A MOTHER and her three young children were left sleeping on a police station floor after her employer Newham Council failed to find her emergency shelter when the family was made homeless.
Newham only provided temporary accommodation for Zineb Saafan and her three under-sixes after Focus E15 campaigners descended on the council’s housing offices yesterday.
Ms Saafan — who works as a cleaner on minimum wage at the council’s Stratford High Street offices — had to spend the night in Forest Gate police station after her private landlord’s two-week eviction notice ended.
The council would only offer her hotel accommodation two hours away in north London — ignoring her need to be near her job and her children’s school, she told the Star.

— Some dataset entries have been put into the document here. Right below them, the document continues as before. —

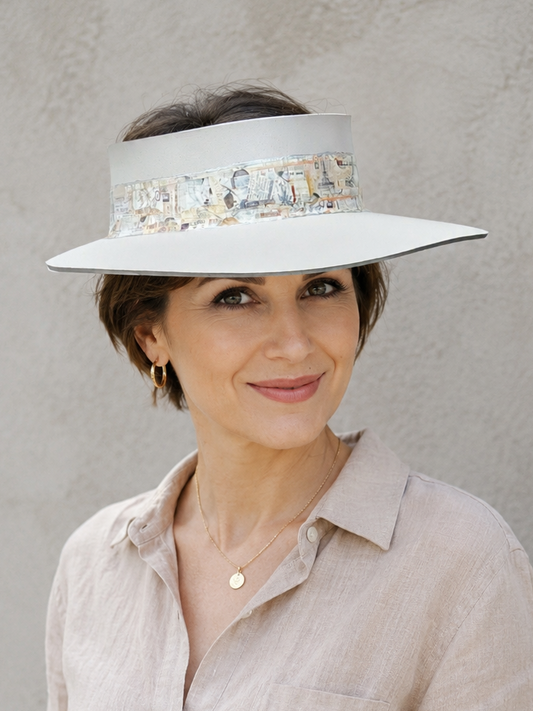 Taupe Visor Hat - Collage Style Band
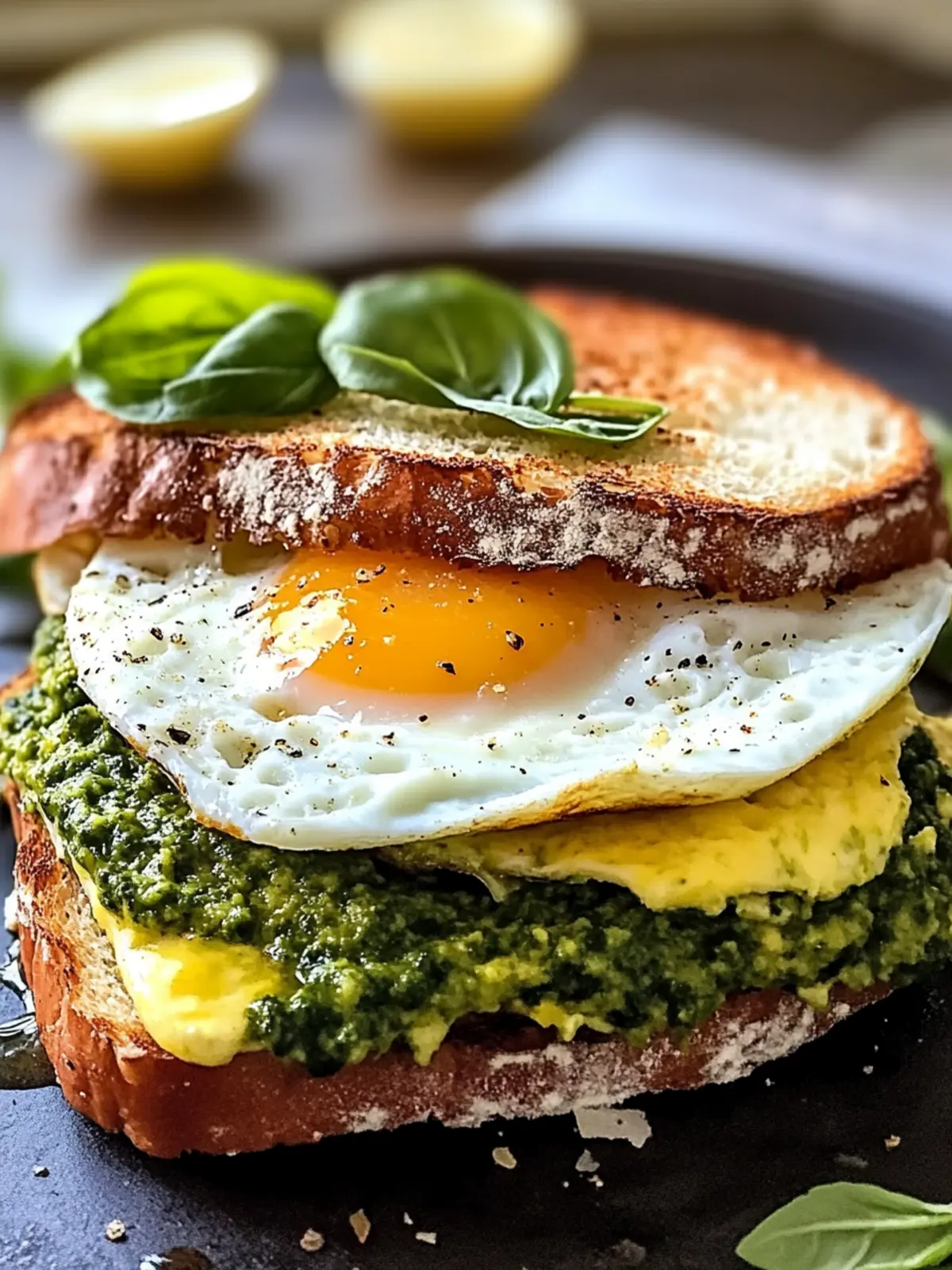 Delicious Pesto Egg Breakfast Sandwich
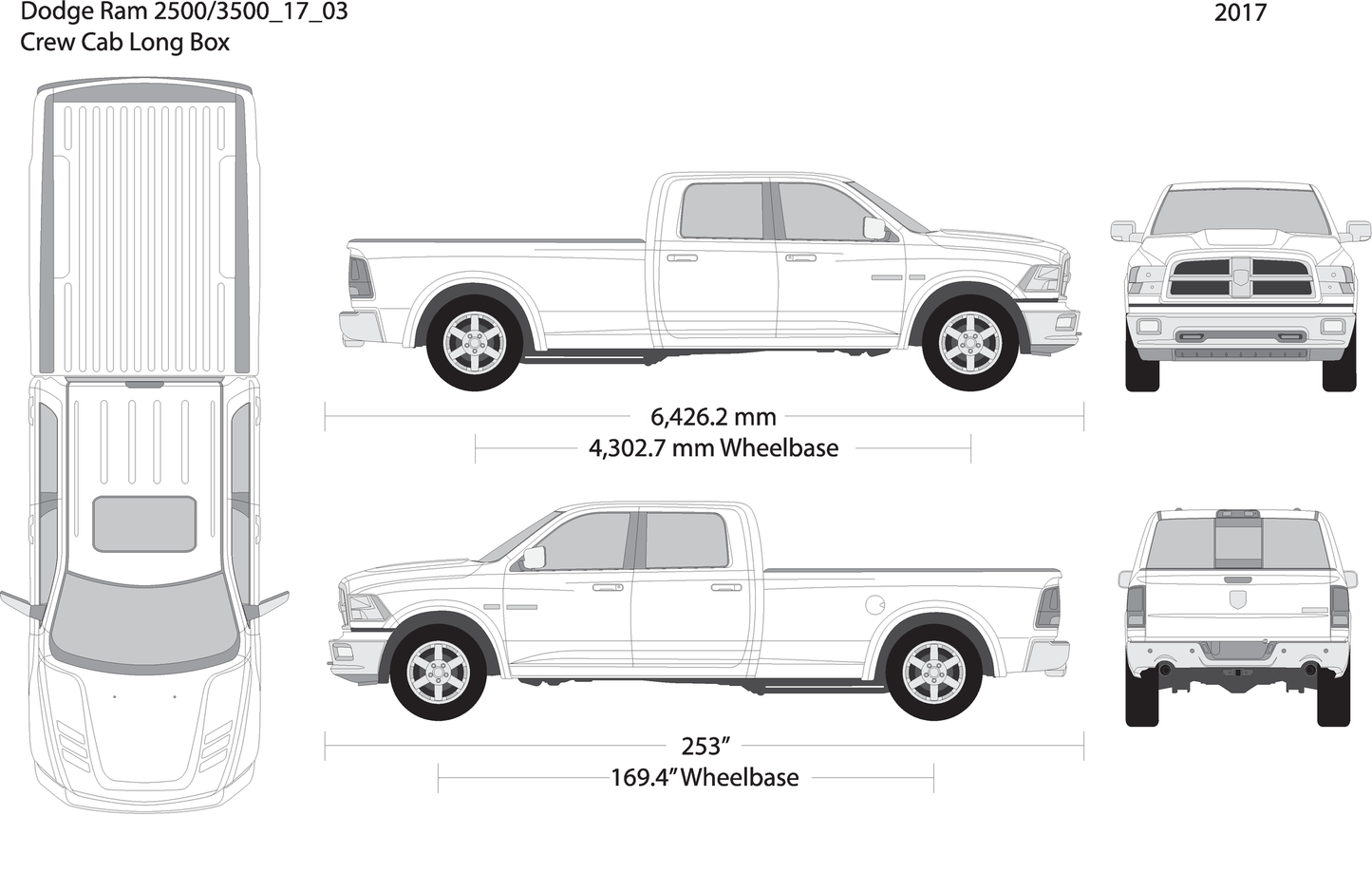 2017 Dodge Ram 2500 3500 V03 Vehicle Wrap Template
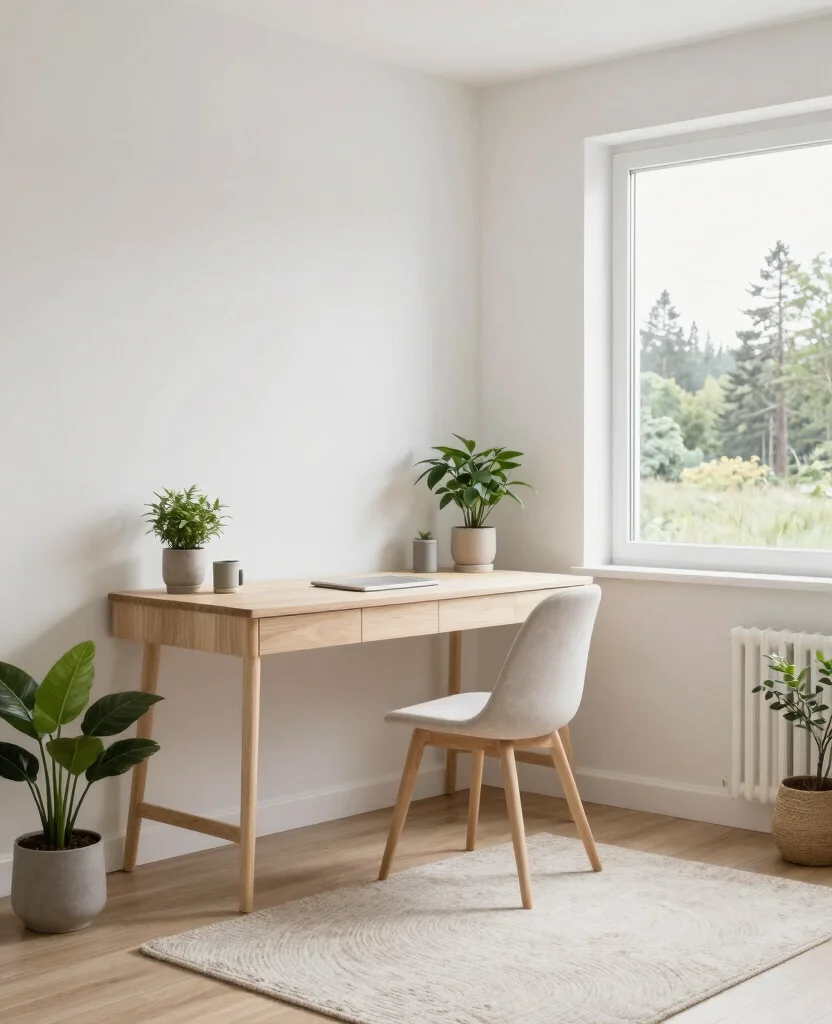 19 Trendy Bedroom Office Ideas That'll Make You Want to Work from Home Forever! 24 19 Trendy Bedroom Office Ideas That'll Make You Want to Work from Home Forever! - 3. Nordic Inspired Retreat 1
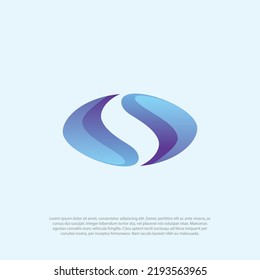 letter S logo template in slices or gestalt design style. letter s hidden in the circle shape. negative space logo template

When Ms Saafan refused to leave the housing offices, the council called the police.
“They said you must find somewhere else to go or go to the police station,” she explained.
Together with her children aged six, three and one, Ms Saafan ended up on the floor of the police station, her luggage doubling as pillows and with coats for blankets.
Ms Saafan said station staff refused her daughter access to the toilet and when she asked for water police told her she was “not in a hotel.”
The next morning she turned to the Focus E15 Mums for help.
Campaign spokeswoman Sarah Kwei said it was “astonishing” that the council could not house one of its own employees.
She said the housing situation in the borough was quickly deteriorating.
“The same situation happened to me, my mum and my little brother when I was a teenager — sleeping in a police station because they wanted to find us a place out of London.
“That was years ago and it’s only got worse.”
Another woman with a young son was reportedly also sleeping on the Forest Gate police station’s floor the night Ms Saafan stayed there.
Ms Kwei said: “She wasn’t even the only one, it’s really disgusting.”
“We have the Carpenter’s Estate just outside (Newham housing offices) Bridge House, which has hundreds of perfectly good council homes available.”
The Focus E15 campaign occupied one of the estate’s empty buildings to highlight the mismanagement of social housing in Newham.
Yesterday, campaigners met one of the first new residents on the estate, which Ms Kwei labelled a “massive victory” for the group.
But Ms Kwei warned: “There’s still hundreds of homes left empty there.
“We need to get the rest of Carpenters Estate back into public use.”
A Newham council spokeswoman said: “This family is not the only one in need of our assistance.
“We have a very limited supply of accommodation we can offer to those who need help.”